One common source of problems in notrump auctions is a lack of empathy for an unbalanced responder. It took me a while to articulate a manner of viewing the world in this situation.

When you open 1NT (or 2NT, or 3NT if balanced...), partner expects a "balanced" hand within a very tight HCP range. What does that mean?

First, it means some degree of balance as to the pips. In other words, at least two cards in every suit. (Probably.) Note that this does not mean 4-3-3-3 pattern, or even close. Any suit could have five cards, or two. Six in a minor is even plausible. But, some balance of pips is expected.

What is far from assured, especially in modern thinking, is a "balance" of honors.

Consider two hands. AQ-xxxx-KQxx-Axx. xx-AQxx-Axxx-KQx.

You would probably open each 1NT (15-17). Each has identical pip pattern (2-4-4-3). However, neither is "balanced" as to honor cards. Only a hand like Ax-Axxx-Axxx-Axx or Kx-KJxx-KJxx-KJx is "balanced" as to honor cards.

When analyzing strengths of hands, keep in mind that there is a difference between honor holdings in a suit. Ax is much better than Kx in a side suit. KQx in an "interior suit" is great, but the same holding is lousy opposite a stiff. This translates into analysis for a 1NT opening, a call that is purportedly well-defined as to range. Far from it. I figure that a 1NT opening, if 15-17, might provide as many as six honor cover cards (AK opposite doubleton, KQ/KQ in two key suits). However, it might also cover much less.

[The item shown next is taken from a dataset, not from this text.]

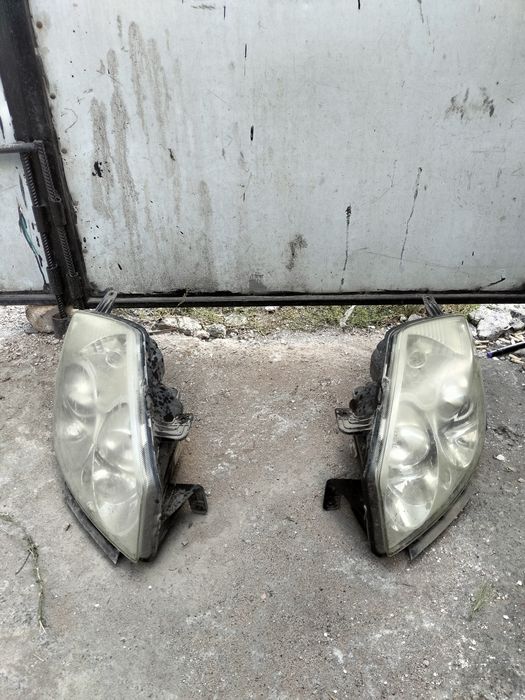 Фары Geely emgrand x7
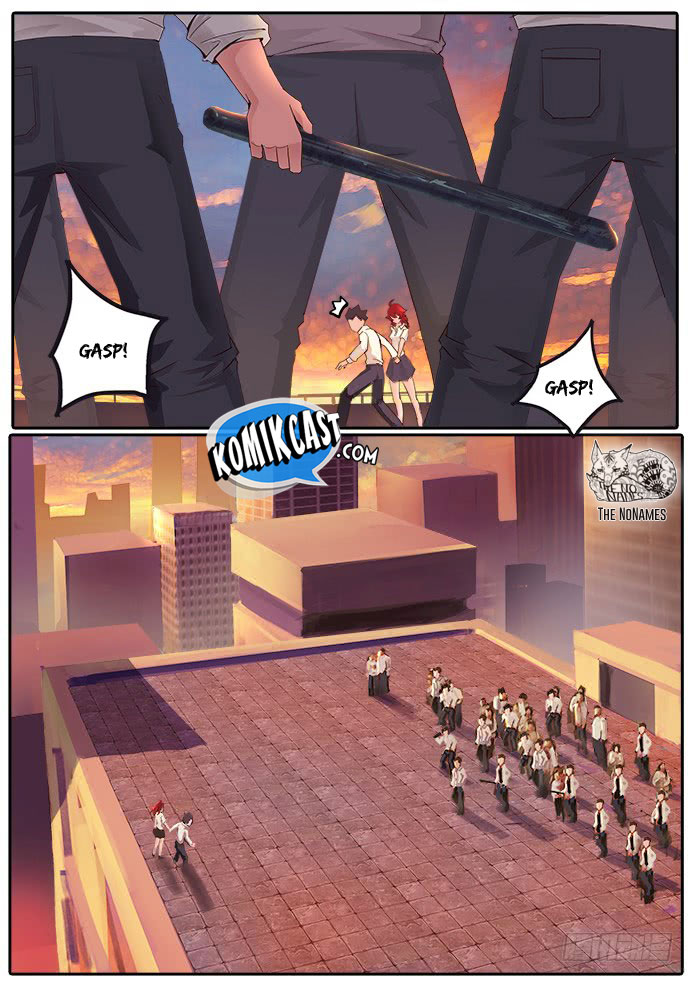 Girl and Science Chapter 01 Gambar 9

If, for example, Responder has 5-5 in the majors, 5-5-2-1 pattern, Opener might have AKx-xxx-QJxx-KQJx, a 16-count with only two covers.

So, the touted "tight range" of the 1NT opening provides perhaps somewhere between 2 and 6 cover cards? Remember this when assessing whether to super-accept, cue, bid Serious 3NT, and the like, and when considering whether this "fine tuning" of such a "precise bid" is as necessary as I have suggested.